2. Use the PhyKIT function `bipartition_support_stats` to get summary statistics support statistics in a phylogeny. Support statistics have to be reported in the position bootstrap statistics are reported.
Detailed hints for overall workflow
1. To do so, first infer a summary tree using ASTRAL and then use the input trees as evaluation trees to calculate internode certainty and related measures in RAxML.

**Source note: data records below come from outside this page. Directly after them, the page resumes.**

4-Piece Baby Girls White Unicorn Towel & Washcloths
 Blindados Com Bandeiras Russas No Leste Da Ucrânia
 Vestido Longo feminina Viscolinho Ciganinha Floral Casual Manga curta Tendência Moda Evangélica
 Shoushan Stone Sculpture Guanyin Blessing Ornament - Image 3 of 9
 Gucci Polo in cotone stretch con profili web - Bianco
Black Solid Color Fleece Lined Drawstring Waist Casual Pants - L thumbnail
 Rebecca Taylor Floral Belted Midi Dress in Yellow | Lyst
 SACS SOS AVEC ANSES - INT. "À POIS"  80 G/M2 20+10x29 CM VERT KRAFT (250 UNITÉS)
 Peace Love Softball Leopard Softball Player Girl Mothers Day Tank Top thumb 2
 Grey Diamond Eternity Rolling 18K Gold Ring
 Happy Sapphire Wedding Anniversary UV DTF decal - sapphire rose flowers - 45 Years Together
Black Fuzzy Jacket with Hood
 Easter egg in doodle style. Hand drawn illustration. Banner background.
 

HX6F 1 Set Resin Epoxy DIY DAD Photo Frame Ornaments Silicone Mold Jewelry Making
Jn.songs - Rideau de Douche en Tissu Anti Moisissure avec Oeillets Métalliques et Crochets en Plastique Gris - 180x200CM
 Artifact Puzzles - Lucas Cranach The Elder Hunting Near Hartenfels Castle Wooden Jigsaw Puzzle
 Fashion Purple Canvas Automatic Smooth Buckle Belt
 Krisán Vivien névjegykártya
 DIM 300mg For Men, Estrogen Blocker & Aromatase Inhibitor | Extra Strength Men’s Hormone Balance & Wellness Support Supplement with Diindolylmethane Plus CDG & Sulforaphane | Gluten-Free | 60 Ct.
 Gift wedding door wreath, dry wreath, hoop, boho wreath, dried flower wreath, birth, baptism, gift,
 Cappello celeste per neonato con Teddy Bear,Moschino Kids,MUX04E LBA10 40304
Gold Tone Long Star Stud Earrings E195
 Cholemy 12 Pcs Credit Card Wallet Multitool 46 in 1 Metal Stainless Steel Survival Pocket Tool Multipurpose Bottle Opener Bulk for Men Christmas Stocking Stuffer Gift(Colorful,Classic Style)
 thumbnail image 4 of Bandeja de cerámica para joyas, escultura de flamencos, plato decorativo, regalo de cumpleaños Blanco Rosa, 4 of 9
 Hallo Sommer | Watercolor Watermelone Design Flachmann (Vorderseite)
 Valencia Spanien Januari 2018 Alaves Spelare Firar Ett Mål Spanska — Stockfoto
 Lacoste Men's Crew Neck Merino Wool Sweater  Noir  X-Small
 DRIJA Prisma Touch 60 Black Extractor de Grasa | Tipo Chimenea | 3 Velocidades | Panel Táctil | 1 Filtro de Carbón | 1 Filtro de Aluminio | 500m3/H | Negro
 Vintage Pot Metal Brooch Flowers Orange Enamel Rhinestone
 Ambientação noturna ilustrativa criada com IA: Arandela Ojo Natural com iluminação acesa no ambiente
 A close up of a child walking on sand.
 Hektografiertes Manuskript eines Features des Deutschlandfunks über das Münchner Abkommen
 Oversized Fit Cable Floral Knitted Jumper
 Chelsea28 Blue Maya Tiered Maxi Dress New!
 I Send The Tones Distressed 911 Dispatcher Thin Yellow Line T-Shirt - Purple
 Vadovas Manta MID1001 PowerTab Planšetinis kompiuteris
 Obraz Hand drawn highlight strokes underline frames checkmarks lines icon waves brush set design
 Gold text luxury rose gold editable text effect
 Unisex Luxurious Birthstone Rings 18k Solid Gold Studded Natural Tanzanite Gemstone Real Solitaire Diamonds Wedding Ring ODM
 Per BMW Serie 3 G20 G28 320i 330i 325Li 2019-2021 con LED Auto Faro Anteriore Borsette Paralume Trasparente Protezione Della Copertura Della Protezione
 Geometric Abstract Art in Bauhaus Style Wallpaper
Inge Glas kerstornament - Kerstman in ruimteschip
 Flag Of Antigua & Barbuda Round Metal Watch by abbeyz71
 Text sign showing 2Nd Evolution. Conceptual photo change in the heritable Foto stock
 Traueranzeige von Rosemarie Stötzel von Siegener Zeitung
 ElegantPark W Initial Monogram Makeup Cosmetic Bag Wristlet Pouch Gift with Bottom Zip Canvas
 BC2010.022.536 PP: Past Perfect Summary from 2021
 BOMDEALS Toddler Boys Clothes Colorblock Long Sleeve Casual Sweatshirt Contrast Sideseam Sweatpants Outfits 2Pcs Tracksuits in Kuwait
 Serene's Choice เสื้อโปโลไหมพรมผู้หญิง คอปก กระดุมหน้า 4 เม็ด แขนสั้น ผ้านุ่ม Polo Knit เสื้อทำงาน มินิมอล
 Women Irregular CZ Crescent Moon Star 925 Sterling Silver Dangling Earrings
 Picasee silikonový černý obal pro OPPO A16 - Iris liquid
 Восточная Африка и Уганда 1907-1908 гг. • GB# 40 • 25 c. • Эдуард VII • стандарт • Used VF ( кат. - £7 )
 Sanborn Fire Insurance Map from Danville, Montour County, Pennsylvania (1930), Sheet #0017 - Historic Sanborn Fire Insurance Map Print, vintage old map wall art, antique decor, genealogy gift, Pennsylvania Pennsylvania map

astral.jar -i all_trees.tre -o output_tree
2. Calculate internode certainty
raxmlHPC -f i -t output_tree -z all_trees.tre -m GTRCAT -n output_tree.ic -C
3. Use `report_ic_as_internode_support.py` to reformat IC values as bootstrap values
4. Use the PhyKIT function `bipartition_support_stats` to get summary statistics of internode certainty values across the tree
# https://jlsteenwyk.com/PhyKIT/usage/index.html#bipartition-support-statistics
phykit bipartition_support_stats input.tree
5. Keep track of your summary statistic of choice across each dataset and rank the datasets by which has the most to least certainty.
Solution
Gotcha!!!!
No solution will be provided here. Grab a TA, discuss with them and show them your results.
Solution
Gotcha again!!!!
No solution will be provided here. Grab a TA, discuss with them and show them your results.